### EXERCISE OBJECTIVE
The entries that follow must be given again exactly, with no pictures kept.

### WORKING DATA
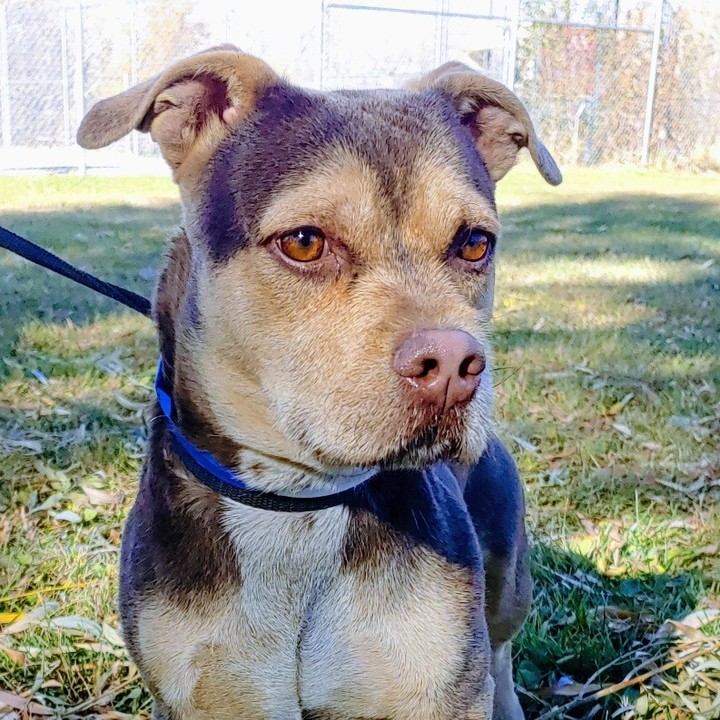 Meet Meatloaf! Boy, is he one handsome guy, weighing in at around 30lbs on some very short little legs, this low rider has it all. Meatloaf tries to play it cool. He pretends that he is to adult to play with his dog buddies but secretly plays with them when he thinks no one is watching. Meatloaf is a gentle, loving, & easy going boy who loves everyone he meets. 

This handsome boy, is a weird mix of something short, something wide, and something with wiry hair. He is about 4 years old and is ready to go home! <a target='_blank' href='https://www.instagram.com/explore/tags/adopt/'>#adopt</a> <a target='_blank' href='https://www.instagram.com/explore/tags/shortdog/'>#shortdog</a> <a target='_blank' href='https://www.instagram.com/explore/tags/shortie/'>#shortie</a> <a target='_blank' href='https://www.instagram.com/explore/tags/lowrider/'>#lowrider</a> <a target='_blank' href='https://www.instagram.com/explore/tags/adoptme/'>#adoptme</a> <a target='_blank' href='https://www.instagram.com/explore/tags/naawa/'>#naawa</a> <a target='_blank' href='https://www.instagram.com/explore/tags/trinidadco/'>#trinidadco</a>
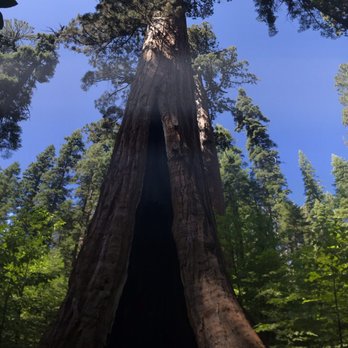 Calaveras Big Trees State Park - Parks Near Me - Arnold, California Calaveras Big Trees State Park - Parks Near Me - Arnold, California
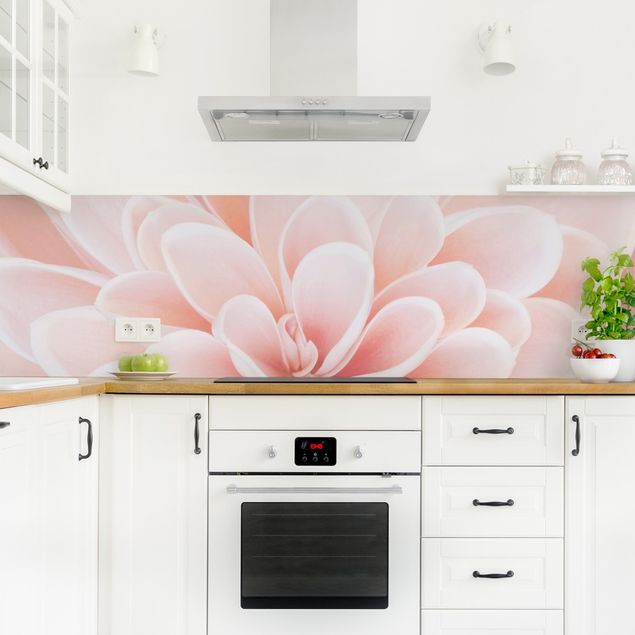 Küchenrückwand - Dahlie in Pastellrosa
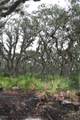  Intracoastal Island - Photo 13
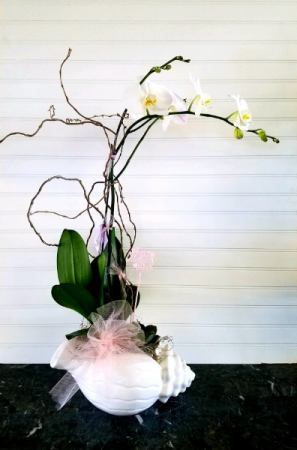 Mom's Orchid Garden in a Shell EXCLUSIVELY AT MOM & POPS in Ventura, CA | Mom And Pop Flower Shop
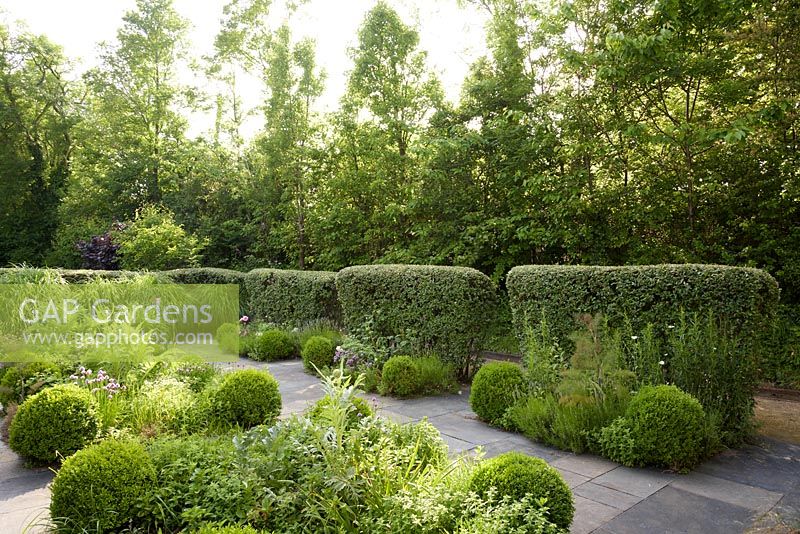 Contemporary herb garden with stone paving, clipped box, catmint, chives, fennel, artichokes, clipped cotoneaster hedges - Barefoot Garden, Cornwall, UK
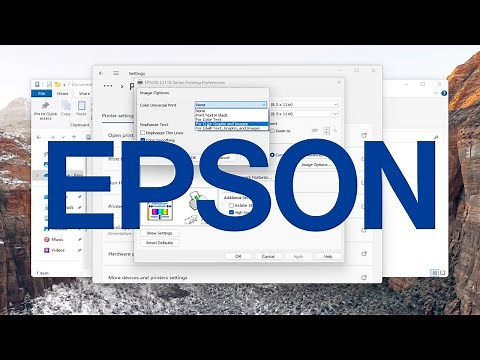 How to Enable Color Correction in Epson Printer [Guide]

### YOUR RESPONSE
 Meet Meatloaf! Boy, is he one handsome guy, weighing in at around 30lbs on some very short little legs, this low rider has it all. Meatloaf tries to play it cool. He pretends that he is to adult to play with his dog buddies but secretly plays with them when he thinks no one is watching. Meatloaf is a gentle, loving, & easy going boy who loves everyone he meets. 

This handsome boy, is a weird mix of something short, something wide, and something with wiry hair. He is about 4 years old and is ready to go home! <a target='_blank' href='https://www.instagram.com/explore/tags/adopt/'>#adopt</a> <a target='_blank' href='https://www.instagram.com/explore/tags/shortdog/'>#shortdog</a> <a target='_blank' href='https://www.instagram.com/explore/tags/shortie/'>#shortie</a> <a target='_blank' href='https://www.instagram.com/explore/tags/lowrider/'>#lowrider</a> <a target='_blank' href='https://www.instagram.com/explore/tags/adoptme/'>#adoptme</a> <a target='_blank' href='https://www.instagram.com/explore/tags/naawa/'>#naawa</a> <a target='_blank' href='https://www.instagram.com/explore/tags/trinidadco/'>#trinidadco</a>
 Calaveras Big Trees State Park - Parks Near Me - Arnold, California Calaveras Big Trees State Park - Parks Near Me - Arnold, California
 Küchenrückwand - Dahlie in Pastellrosa
  Intracoastal Island - Photo 13
 Mom's Orchid Garden in a Shell EXCLUSIVELY AT MOM & POPS in Ventura, CA | Mom And Pop Flower Shop
 Contemporary herb garden with stone paving, clipped box, catmint, chives, fennel, artichokes, clipped cotoneaster hedges - Barefoot Garden, Cornwall, UK
 How to Enable Color Correction in Epson Printer [Guide]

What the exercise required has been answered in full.